Behind the sleek skyline of Tokyo is a super-efficient construction industry that operates complex projects with military precision and flawless co-ordination. James Clegg found out how it works

The Japanese construction industry operates with the stealth, precision and control of a ninja. In a recent report, Constructing Excellence gave it a score of 100% for productivity, compared with 50% for the UK. It found that projects in Japan were always on time, logistics were super-efficient and sites were so safe that workers did not need to wear steel-toed boots.

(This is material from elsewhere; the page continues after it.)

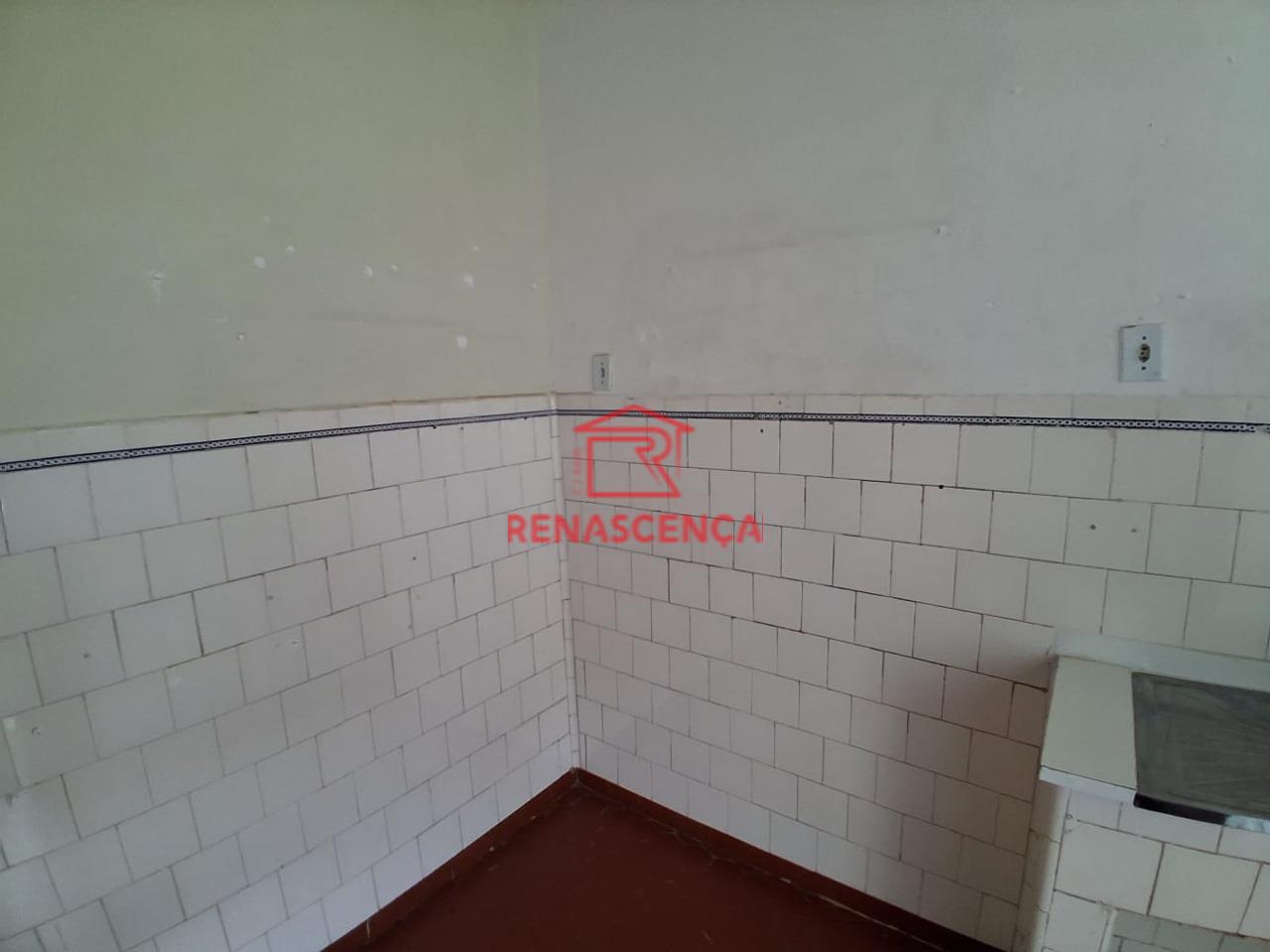 Casa de Vila para aluguel no Cascadura:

The findings were based on two trips to Japan during which the organisation visited sites run by the country’s five largest contractors: Shimizu, Kajima, Takenaka, Taisei and Obayashi. Each has a turnover of £4.5bn and together they account for 95% of all major building works in Japan. It found the projects had integrated teams of subcontractors, high levels of prefabrication and a military approach to logistical planning. Here are the some of the approaches that stood out …

1 Training

Staff train for a full year before starting work on site. Tony Hyde, managing director of Thomas Vale, who was part of the delegation to Japan, says: “They go to a school where they are indoctrinated and trained in the business’ values.” This is perhaps why staff retention is high. Most firms have a churn rate of 2%, mostly as a result of deaths and retirement.

2 Morning briefing

Every day at 7.45am the project manager briefs everyone on site, from team leaders to labourers, before work starts at 8am. The briefing typically ends with recitation of the site motto. On some sites this takes the form of a prayer to one of the gods of Shinto, Japan’s religion.

3 Warm up

Workers do calisthenics in the morning. Adrian Blumenthal, who is special projects director at Constructing Excellence and led the investigation, says: “I don’t know if you’d be able to get UK brickies to limber-up in the morning, but work’s exercise and you need to warm up.”

4 Project board

The board is central to each project. It has a clock in its centre, includes a mission statement and health and safety information. It shows where everyone on site should be and when. Each day’s schedule is set during a planning meeting before lunchtime the previous day.

5 Vertical hoist

Rather than each subcontractor erecting its own external lift, one internal hoist in the centre of the building is used to transport workers and materials. Once the rest of the project is complete the hoist is taken down storey by storey. Filling the gap it leaves in each floor is the final step.

6 Waste control

Kajima typically segregates up to nine types of waste for recycling on each project, for instance timber, plastics and ferrous metal.

7 Health and safety

Constructing Excellence described Japanese attitudes to health and safety as “pragmatic”.

“Some thought health and safety was an issue but it’s not,” says Blumenthal. “For instance, people don’t wear steel-toed boots, but that’s because the way sites are organised means there’s hardly any debris, so there’s little chance of dropping anything on your feet.”

The effectiveness of this approach is clear – 92% of projects in Japan achieve a zero-accident rate, compared with 62% of UK schemes.

8 Customer service

There is a big emphasis on customer satisfaction. Most projects are completed on time and without defects, the report said, though no percentage was given. This was put down to the traditional concept of “honour”, as well as more prosaic reasons.

Henry Loo, another delegation member who worked as a project manager for Kajima in the UK during the nineties says: “In effect, the people on site are the marketing team. They know if they screw up this project they won’t see another.”

It is also enshrined in Japanese law that a contractor is liable for any defects in a building for up to two years after it has been delivered.

9 Profit

Despite beating the UK industry in most key performance indicators, including productivity, client satisfaction and safety, Japanese construction more or less equals it in profitability. The five biggest contractors have an average profit margin of 2.9%. Constructing Excellence reckons this could be explained by Japan’s lengthy economic downturn and a reduction in public spending on infrastructure, when compared to the eighties and nineties (in 1991 the average margin was 5.2%). It could also be because the Japanese plough more money into research.

10 Off-site building

Japanese drawings are of such good quality and detail that most components can be built off-site in a factory. Constructing Excellence found that engineering on any element could be carried out in a supplier’s workshop. High levels of prefabrication make Japanese sites more efficient and maximise the potential for good quality control.